Oxidation, defects and vacancy diffusion in silicon

Abstract

The mechanism causing extrinsic faults to grow into a silicon wafer during thermal oxidation has been investigated by annealing experiments on thin electron microscope foils. The defects grow on annealing in air at 1100°C and shrink on annealing in vacuo at the same temperature; this behaviour is explained in terms of the diffusion of vacancies between defect and surface. The sense of this flow is dependent on the vacancy concentration in equilibrium with the surface which is reduced to approximately 0·8 of the bulk equilibrium value because the vacancies are annihilated by the inward-growing oxide. During oxidation the faults emit vacancies to the surface, causing fault growth, whereas the vacancy flow is reversed on annealing in vacuo. The activation energy for fault shrinkage has been determined to be 2·1 ev, which is consistent with pipe diffusion along the core of the bonding Frank dislocation. The shrinkage rate of these faults at constant temperature is proportional to the equilibrium vacancy concentration and thus provides a comparative method of determining the equilibrium vacancy concentration as a function of dopant concentration.
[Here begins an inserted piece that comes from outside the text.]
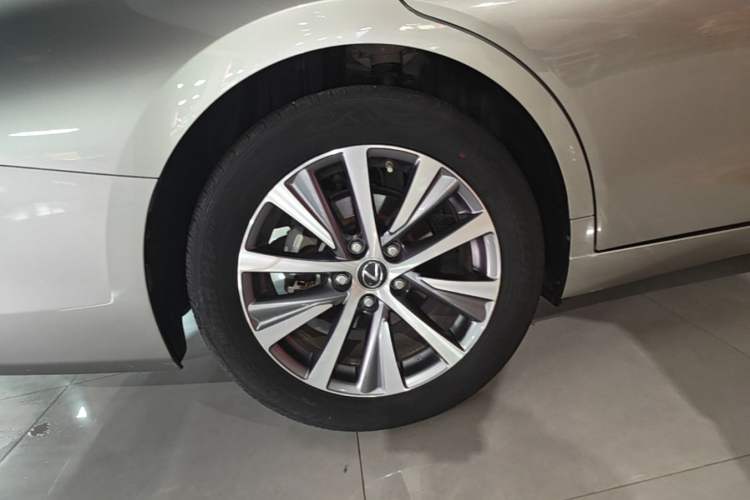 Used Lexus ES 2020 200 Excellence Edition Right Rear Wheel Hub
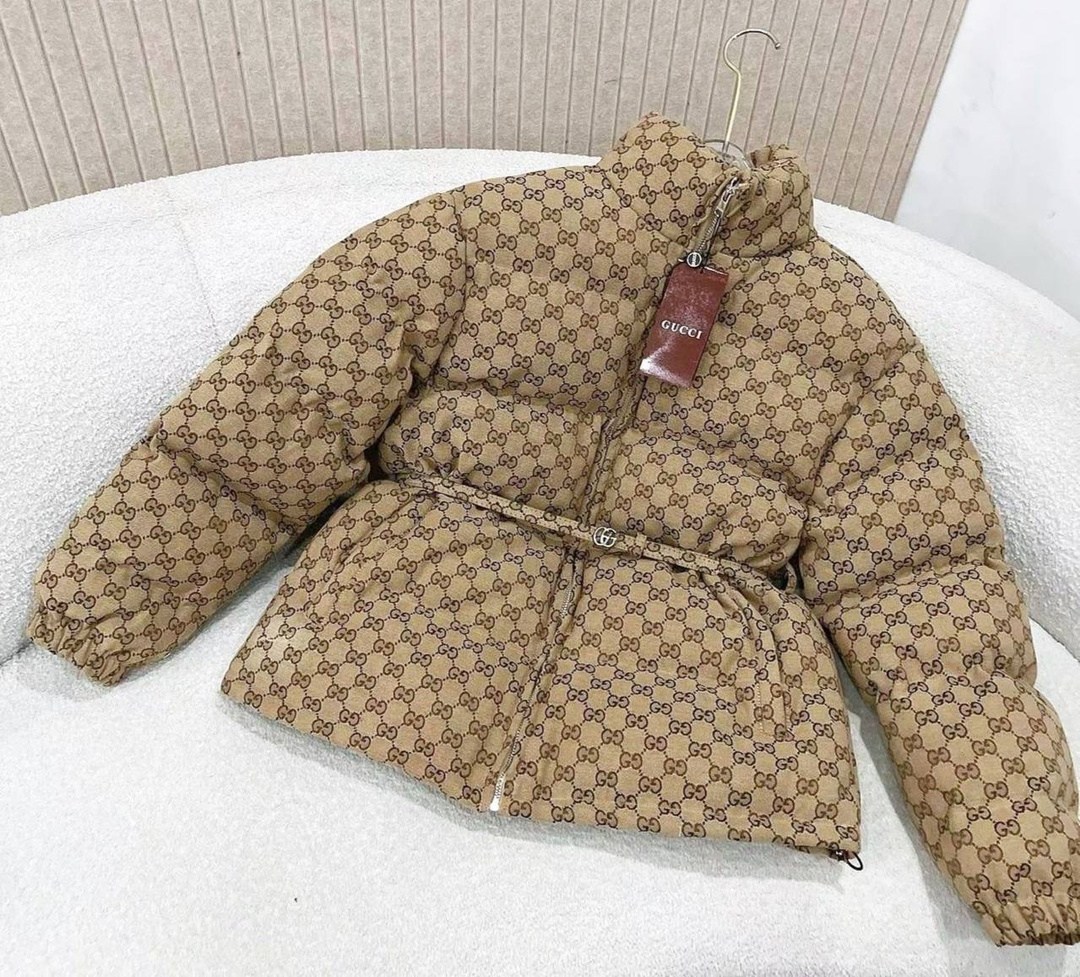 стеганый пуховик gg gucci бежевый,пуховик gucci,куртка gucci,стеганый пуховик,пуховик женский gucci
From such measurements it has been shown that the equilibrium vacancy concentration increases with increasing phosphorus (n-type) concentration and decreases with increasing boron (p-type) concentration. These results have been interpreted in terms of the vacancy accepting electrons from the Fermi level and are consistent with a vacancy acceptor level lying about midway between the valence and conduction bands.